>>>
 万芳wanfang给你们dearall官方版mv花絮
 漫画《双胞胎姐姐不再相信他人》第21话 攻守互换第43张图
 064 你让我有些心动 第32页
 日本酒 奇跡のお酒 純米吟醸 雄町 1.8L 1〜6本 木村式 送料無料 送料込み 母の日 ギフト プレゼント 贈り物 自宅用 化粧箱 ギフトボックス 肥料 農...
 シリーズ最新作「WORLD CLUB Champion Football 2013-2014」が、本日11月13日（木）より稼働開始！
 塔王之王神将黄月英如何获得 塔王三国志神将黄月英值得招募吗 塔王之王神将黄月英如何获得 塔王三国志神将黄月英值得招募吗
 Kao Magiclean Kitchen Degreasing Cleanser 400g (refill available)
<<<
>>>
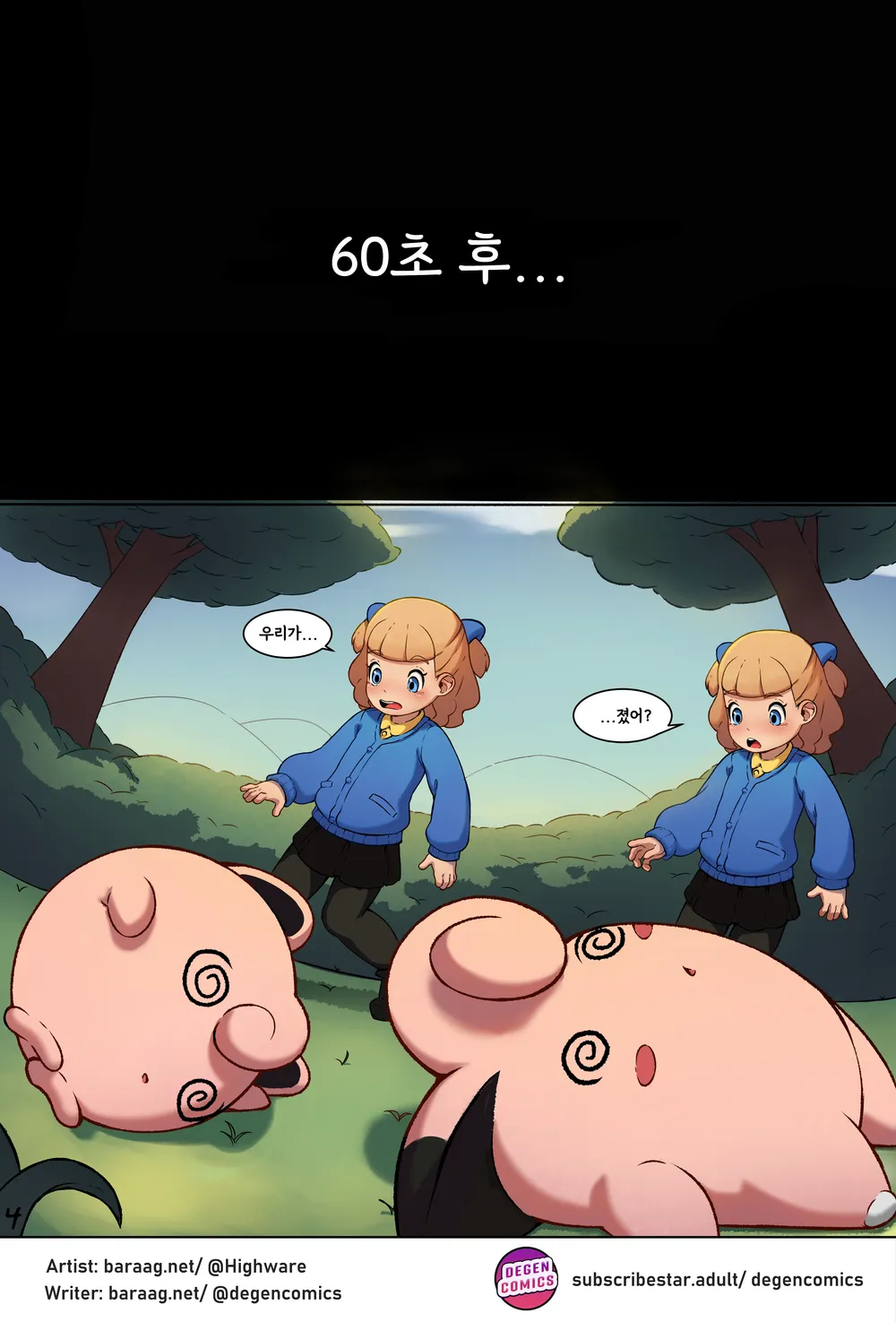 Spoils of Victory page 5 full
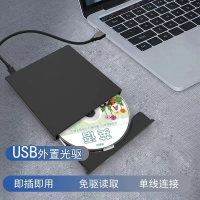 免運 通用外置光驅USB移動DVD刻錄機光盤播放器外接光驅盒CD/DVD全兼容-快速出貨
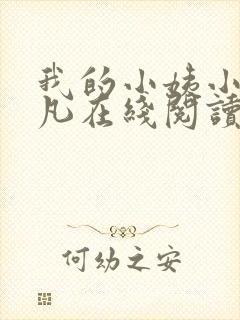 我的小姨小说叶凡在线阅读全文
<<<
>>>
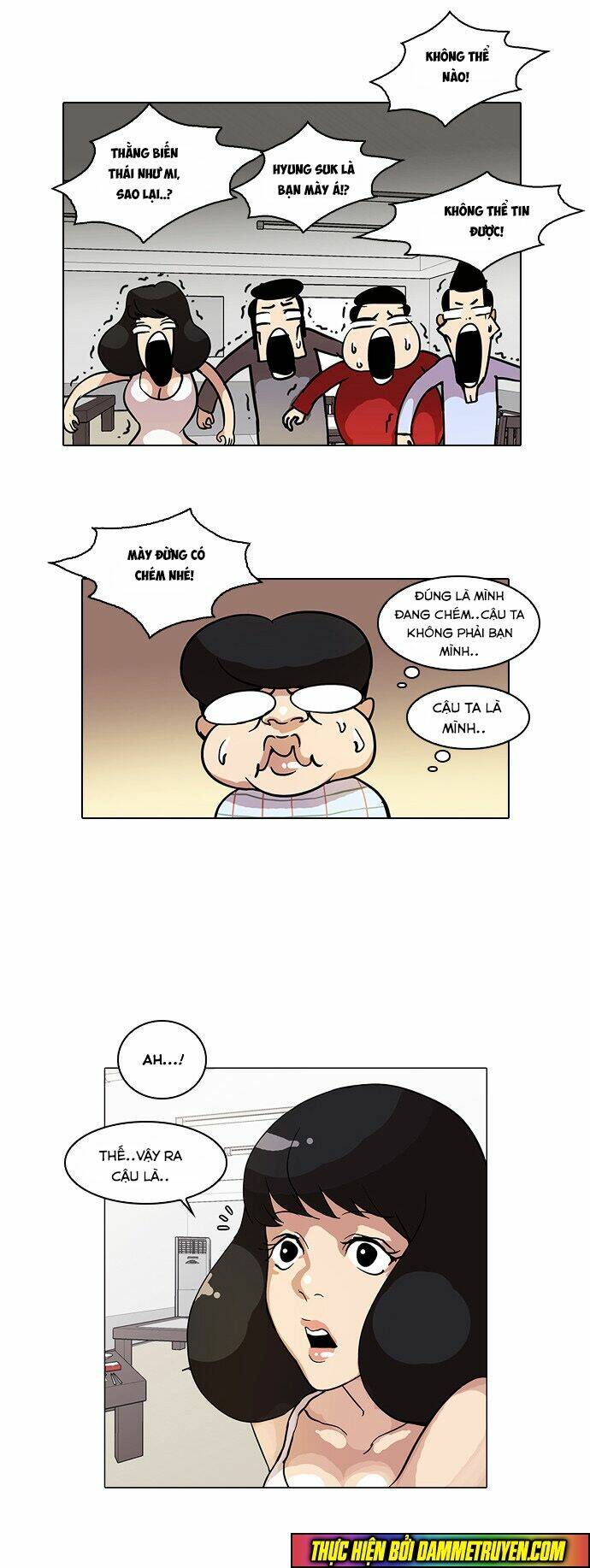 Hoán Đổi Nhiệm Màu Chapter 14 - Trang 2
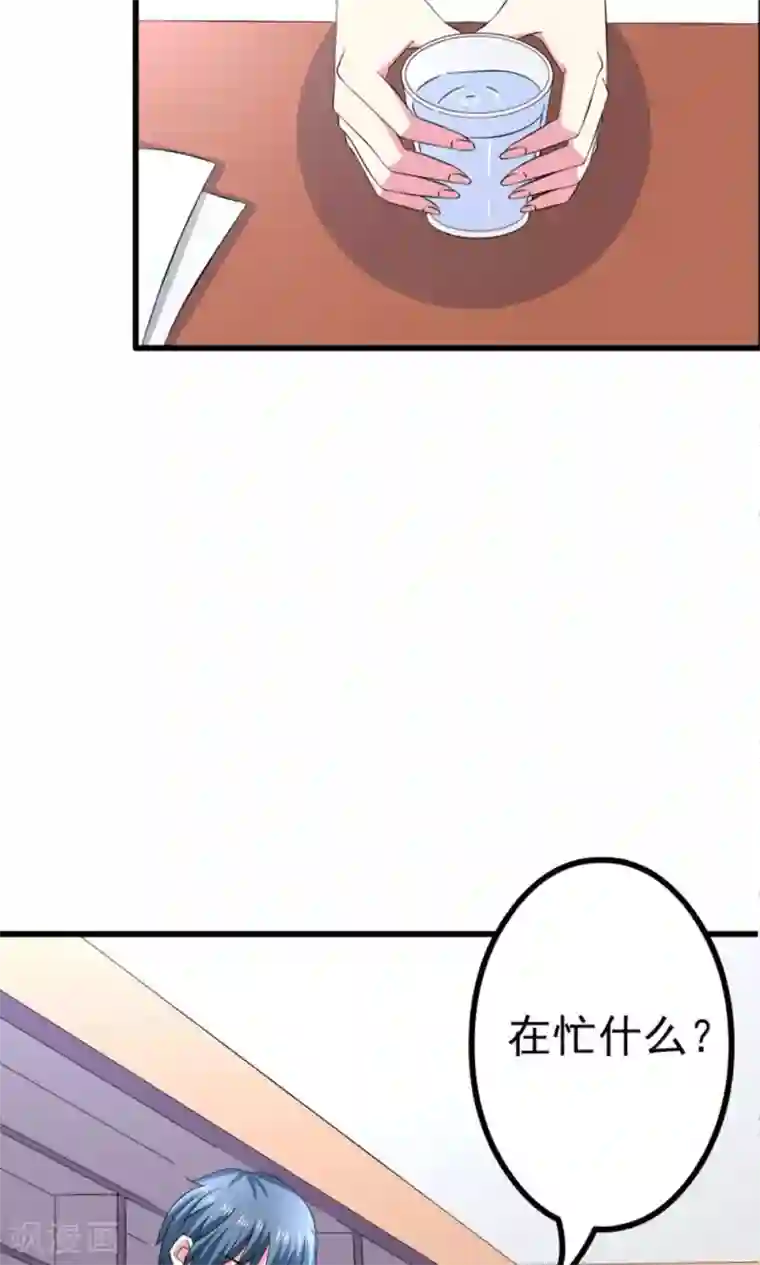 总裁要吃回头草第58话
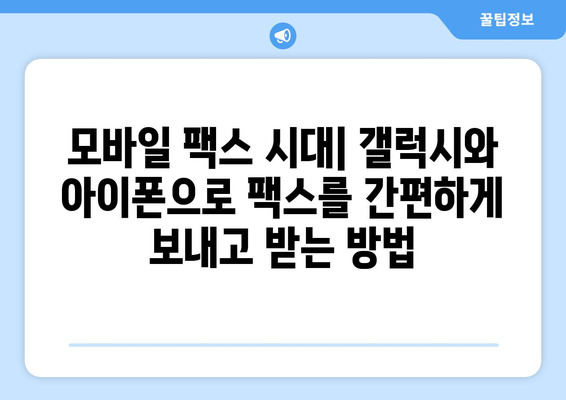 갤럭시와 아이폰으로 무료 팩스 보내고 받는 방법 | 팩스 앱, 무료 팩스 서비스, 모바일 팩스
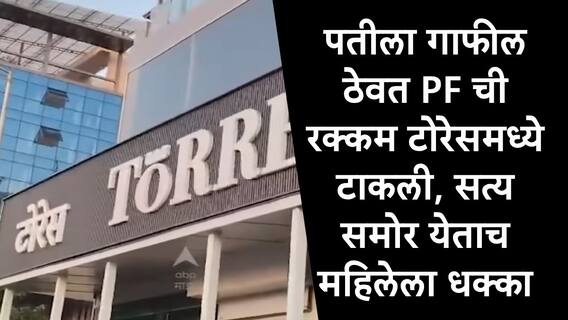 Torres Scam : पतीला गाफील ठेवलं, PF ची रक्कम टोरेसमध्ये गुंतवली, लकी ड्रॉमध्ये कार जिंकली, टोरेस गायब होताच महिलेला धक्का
<<<
> _What you have to do_
Could you transcribe exactly the entries above, but only the lines from the one with "免運 通用外置光驅USB移動" through the one with "我的小姨小说叶凡在线阅读全文", and without pictures?

> _Exercise result_
 免運 通用外置光驅USB移動DVD刻錄機光盤播放器外接光驅盒CD/DVD全兼容-快速出貨
 我的小姨小说叶凡在线阅读全文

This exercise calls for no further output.